CAUTION: What follows is potentially an overly personal statement made by the artist but WTF:
Lessons from the Forest is also a breakup album. In the summer of 2015 I found myself single for the first time in 20 plus years. And as a childless middle aged woman, this project is as much about ecology as it about existential dread, and grappling with human social constructs that no longer mesh with my reality.
Arriving in Germany, a country with an unfamiliar tongue, I felt even more lost than before. With no real plans for my artist residency, I resolved to visit the forest everyday, for in the forest I’d always found belonging. Maybe it’s the extra oxygen, or how I can suddenly feel small, or maybe I knew I could just lay down and become useful as mulch.
In a daily practice I went to forest on a borrowed girl’s bike with a front basket (perfect for AV equipment and tripod) and wide, soft, lumpy seat. A strange thing happened there in the forest. I lost myself repeatedly in one particular spot, across the clearing, past the pile of gravel consisting of tiny bits of pottery, kitchen tiles, from other peoples lives. Questioning the existence of the self, pondering ‘world’ as human construct, as merely a word, I’d arrive at a fork in the trail and inevitably go a way other than the way I wanted, eventually ending up in a Bavarian suburb with no GPS or german words at my disposal. After wandering aimlessly, pushing down rising anxiety, I discovered my phone had a compass and used that and my vague sense of direction on this foreign landscape to get myself back to the forest. From there I knew I'd get home. Riding home on now familiar farm roads I decided to forgo that section of trail entirely as it ended up… not where I wanted to be. Lesson #1.
“I need to set some boundaries…If there are no edges, how do I know where I am?”
“Everyday I go into the forest…. I try to stay on familiar trails, but when I think of you I get turned around and I don’t know where I am anymore…..I forget”. Lessons from the Forest Part 1.
Gradually I found my bearings, camaraderie among the other artists in residence and kind folks in the forest and in and town. Usually they would speak english for my benefit but somedays I would sit and listen and glean meaning from vocal tone, eye contact and body language. Some of my best conversations took place beyond language: a nod, a smile, a crinkling eyes or a slight tilt of the head, we met eachother.

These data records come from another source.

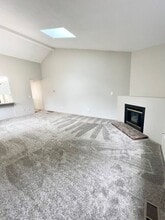 17932 Oatfield Rd in Gladstone, OR - Building Photo - Building Photo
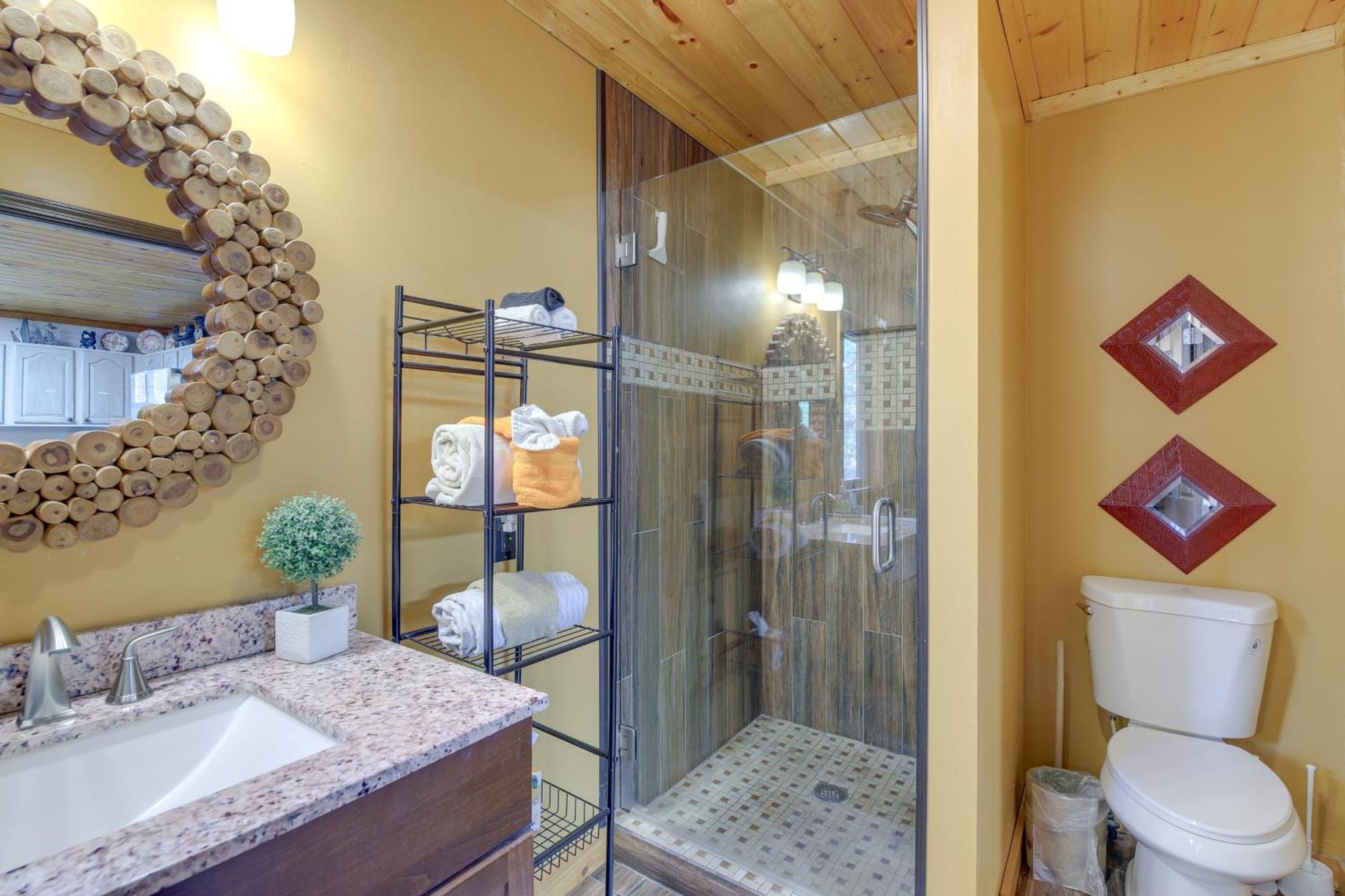 Above And Beyond Pigeon Forge Cabin With Prime Views! Luaran gambar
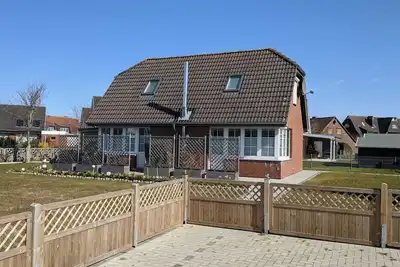 Image de Strandnahes Ferienhaus Matthes - Traumhaftes Ferienhaus Matthes Süderpiep 6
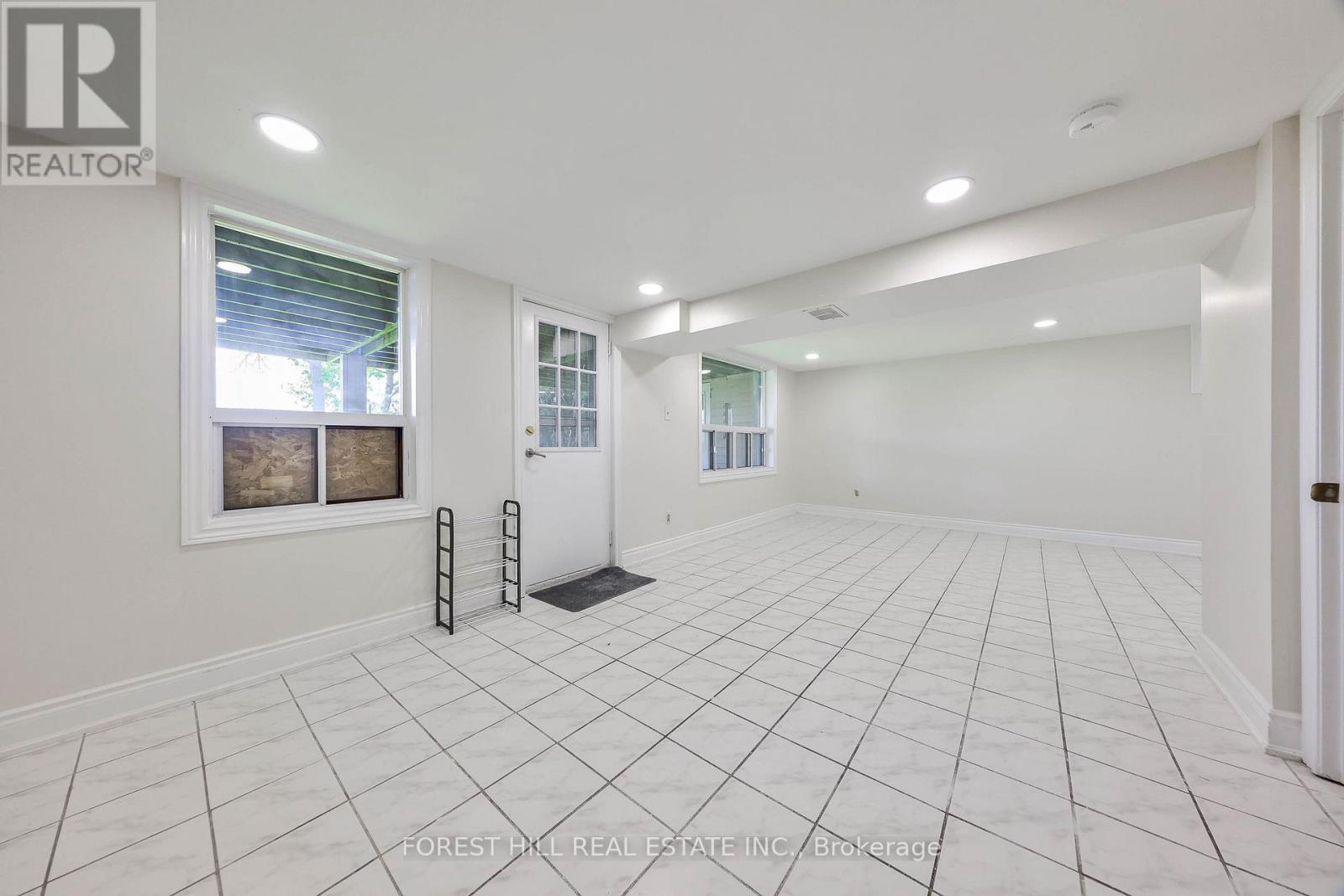 2703 Lake Shore Boulevard W, Toronto, Ontario  M8V 1G6 - Photo 21 - W13194038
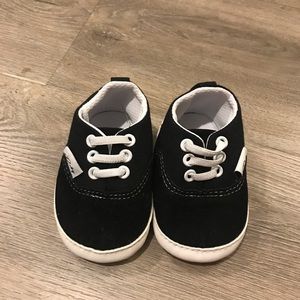 🌟5 for $20🌟 NWOT Baby Boy 0-6 Months Soft Shoes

One early afternoon the script for all four parts of Lessons from the Forest poured out of me. I’d almost given up. I was on my way to the beer garden when something made me turn around, return to the studio, to my computer Alex, and write. It all came out in one sitting, over two years ago and now as I write this it is almost finished. At the time I didn’t know the full meaning of the work and it’s been unfolding ever since. So I’ve been taking my time. Savoring the connections and the realization that despite my marital status, or my procreative choices, in looking to nature for lessons on survival and resilience I’ve learned that I am part of an ever expanding, poly-lingual, multi-species community, and I am not alone.